Deploying foundation models on-demand with Python client library

Deploy foundation models on-demand programmatically with watsonx.ai Python client library. Deploying a foundation model on-demand makes it available on dedicated hardware for the exclusive use of your organization. IBM provides a set of curated models that are available for you to deploy on-demand.

Before you begin

You must set up or enable your task credentials to deploy foundation models on-demand. For more information, see Managing task credentials.
Review supported foundation model architectures, deployment types, and other considerations for deploying a foundation model on-demand. For more information, see Deploying foundation models on-demand.
Review the model card to verify what modalities (text, image, audio, or video) the model supports.

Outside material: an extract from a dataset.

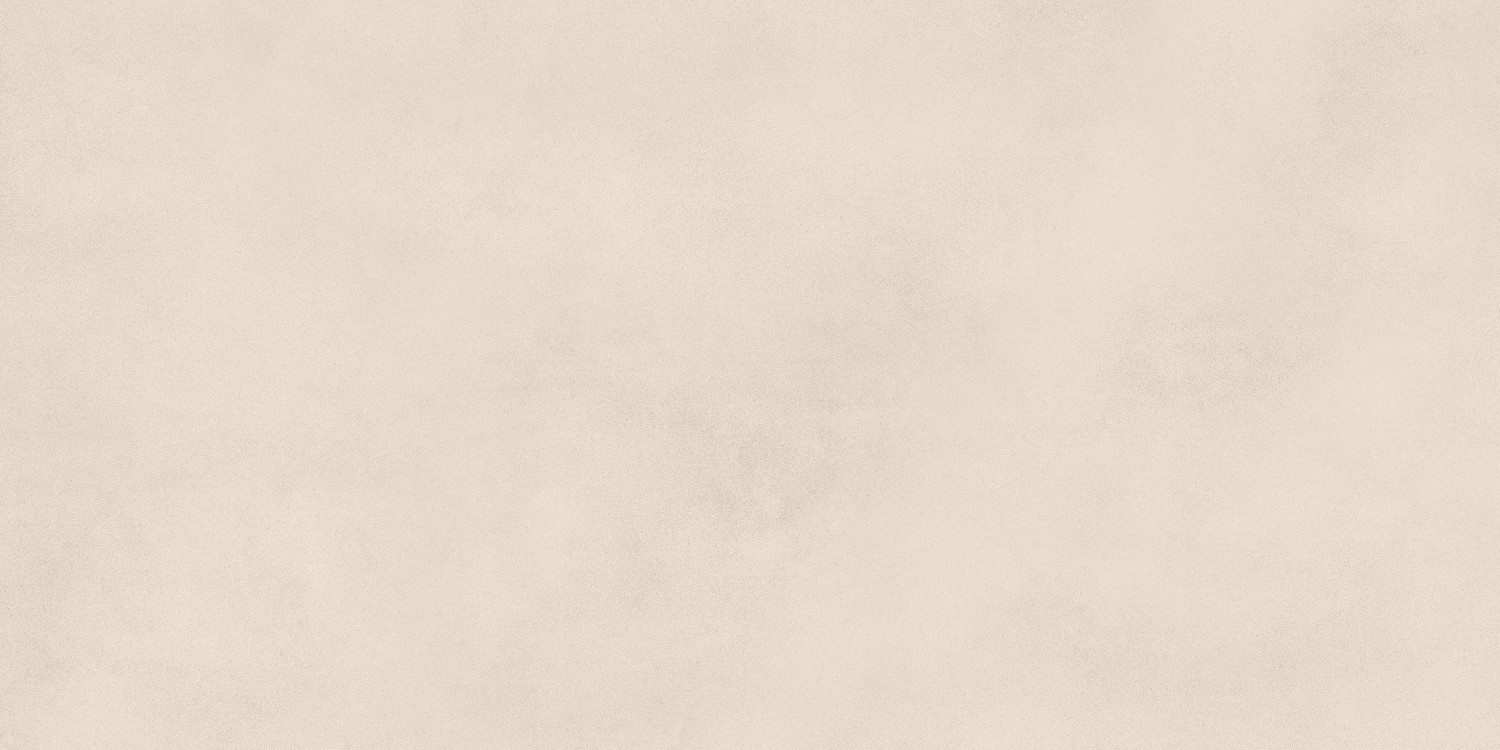 AJNP Boost Balance Ivory 60x120 Atlas Concorde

Deploying foundation models on-demand with Python client library

To deploy a foundation model on-demand by using the Python client library, create a model asset in the repository by creating the metadata for your asset and storing the model. Then, retrieve the asset ID and create an online deployment for the asset.

Creating model asset in the watsonx.ai repository

You must create an asset for the foundation model that you want to deploy on-demand in the watsonx.ai service repository. To store the model as an asset in the repository, create the metadata for your asset. After creating the metadata for your model asset, you can store the model in your repository.

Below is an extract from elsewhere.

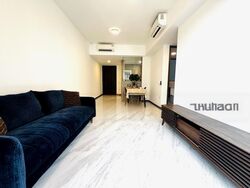 pasir-ris-8 photo thumbnail #3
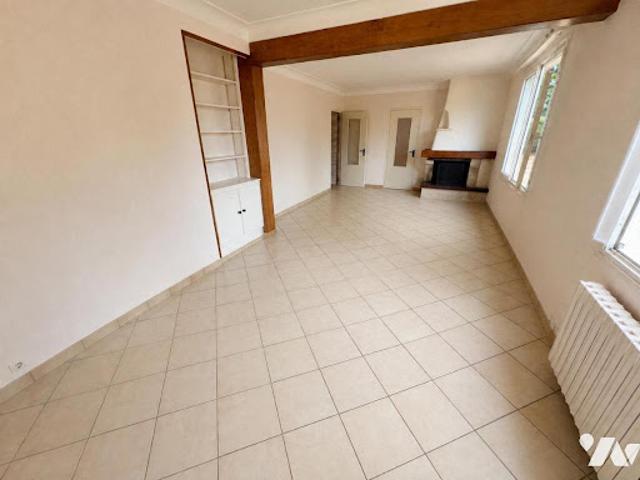 Maison vente à Nantes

The following code snippet shows how to create metadata for your foundation model asset in the watsonx.ai repository:

metadata = {
    client.repository.ModelMetaNames.NAME: "curated FM asset",
    client.repository.ModelMetaNames.TYPE: client.repository.ModelAssetTypes.CURATED_FOUNDATION_MODEL_1_0,
}

After creating the metadata for your foundation model asset, store the model by using the client.repository.store_model() function:

stored_model_details = client.repository.store_model(model='ibm/granite-13b-chat-v2-curated', meta_props=metadata)

Retrieving the identifier for your asset

When the foundation model asset is stored in the watsonx.ai repository, you can retrieve the asset ID for your model. The asset ID is required to create the deployment for your foundation model.

You can list all stored curated foundation models and filter them by framework type:

client.repository.list(framework_filter='curated_foundation_model_1.0')

The following code snippet shows how to retrieve the ID for your foundation model asset:

stored_model_asset_id = client.repository.get_model_id(stored_model_details)

Deploying foundation model on-demand

To create a new deployment for a foundation model that can be deployed on-demand with the Python client library, you must define a meta_props dictionary with the metadata that contains the details for your deployment.

You can optionally overwrite the model parameters when you create the metadata for your asset. To overwrite the model parameters, pass a dictionary with new parameters values in the FOUNDATION_MODEL field.

The following sample shows how to create an online deployment for your foundation model by using the watsonx.ai Python client library:

meta_props = {
    client.deployments.ConfigurationMetaNames.NAME: "curated_fm_deployment",
    client.deployments.ConfigurationMetaNames.DESCRIPTION: "Testing deployment using curated foundation model",
    client.deployments.ConfigurationMetaNames.ONLINE: {},
    client.deployments.ConfigurationMetaNames.SERVING_NAME: "test_curated_fm_01"
}
deployment_details = client.deployments.create(stored_model_asset_id, meta_props)
deployment_id = client.deployments.get_uid(deployment_details)
print("The deployment id:", deployment_id)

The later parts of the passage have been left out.